We had class on Wednesday morning with 12 students attending. Five young women were trying to master the alphabet A through H. A is for apple, B is for ball, C is for cow, D is for dog, E is for egg, F is for feet, G is for goat, H is for hand. I think we went through those about 50 times…they had the most trouble with apple, egg and hand. We still don’t have them down but I don’t think we’re far off now.
I have been searching for an ABC chart to hang on the wall. I finally found one…just one problem…it was printed in India so f is for frock and x is for x-mas tree…I kid you not! I made an ABC chart that they can take home and study from…I tried to use items they have in their everyday lives…y for yacht is not one of them!
Classes ended and preparations began. The yard continued to be picked up; brush cut, rock piles leveled or moved, a makeshift rock wall in front of the school was built and a tree stump cut down that had been left when we built the school. While that was happening cooking pots, firewood, rolling pins and chapatti stools, and wooden stirring sticks started appearing from out of the horizon. When school ended Rebecca got her nephew Silas who teaches at the local primary school, to organize the kids who live in the area to carry plastic chairs home from the church. Women appeared from every direction and began peeling potatoes in the old classroom.
Have you ever noticed how many men it takes to do a job that one man can do alone...just saying.
It's about a mile walk from the church to the adult classroom...some of the kids carrying chairs were really small. Talk about a community effort!
Women at work!
These women came with a couple of jeri-cans, 99 plastic plates, and a huge pot.
Janet moonlights as a hairdresser.
Even the kids got into the act help pick up the yard…although I think Eliza spent more time rolling in the sand pile, as evidenced by her nearly white legs and sleepy state in the evening.
James, Eliza and Ezekiel, his children and a small boy not wearing pants, pickup stones leftover from construction in front of the classroom.
Eliza spent the rest of the afternoon rolling in a pile of sand. Her exhaustion shows.

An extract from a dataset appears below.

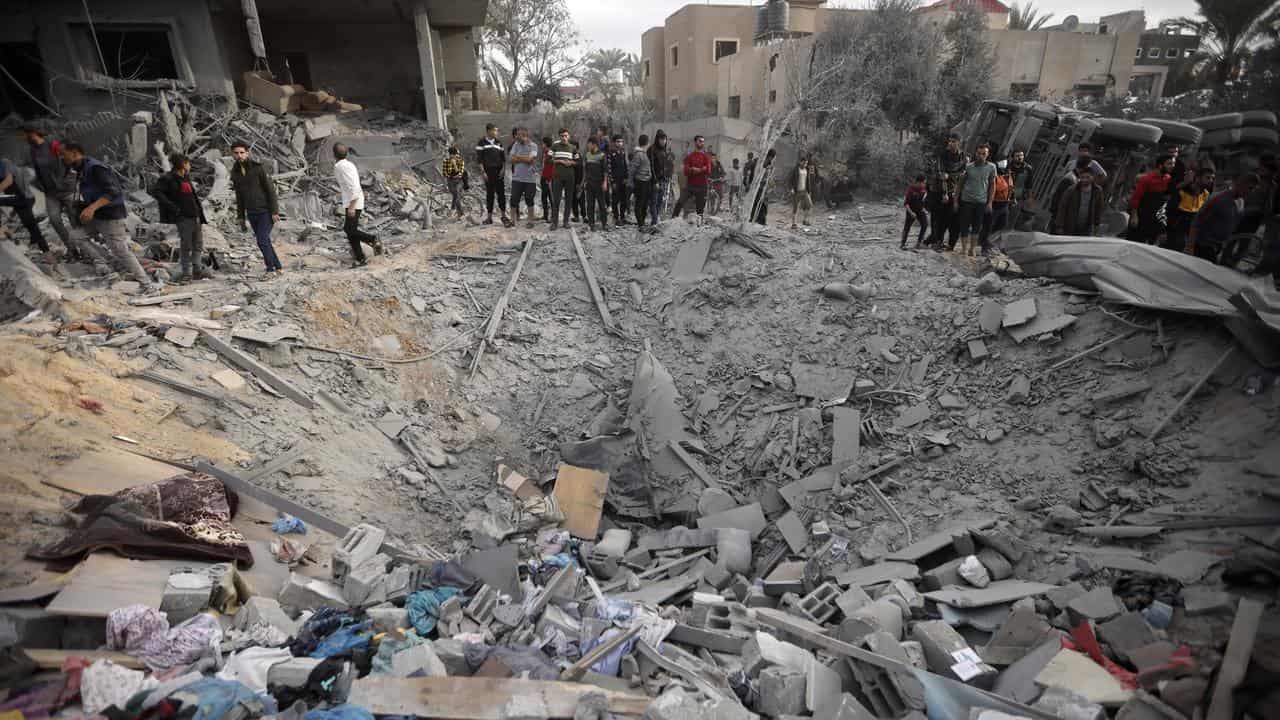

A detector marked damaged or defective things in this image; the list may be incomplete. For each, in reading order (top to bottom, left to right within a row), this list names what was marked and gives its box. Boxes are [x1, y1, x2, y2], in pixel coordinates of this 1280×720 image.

When it started to get dark I headed back to Rebeka’s. Silas was cutting sukuma (kale) in the kitchen manyatta when there was a big commotion outside. Silas, James and I ran out of the mayatta. The bulls were fighting, horns locked and were pushing each other around the yard. Dust was flying everywhere. Silas grabbed a stick and went to try to break them up. We didn’t realize until later is that he was still holding a bunch of sukuma in his hand.
We are having alpha male issues. One of the bulls is sick, the former number two bull is trying to take advantage of the situation.
In Silas' right hand is a stick. In his left is sukuma he had yet to cut.
We ate that sukuma for dinner…I tried not to think about how dusty that sukuma had gotten while taking a tour of the yard in Silas’s hand. I hope he didn’t swat one of the bulls with that hand!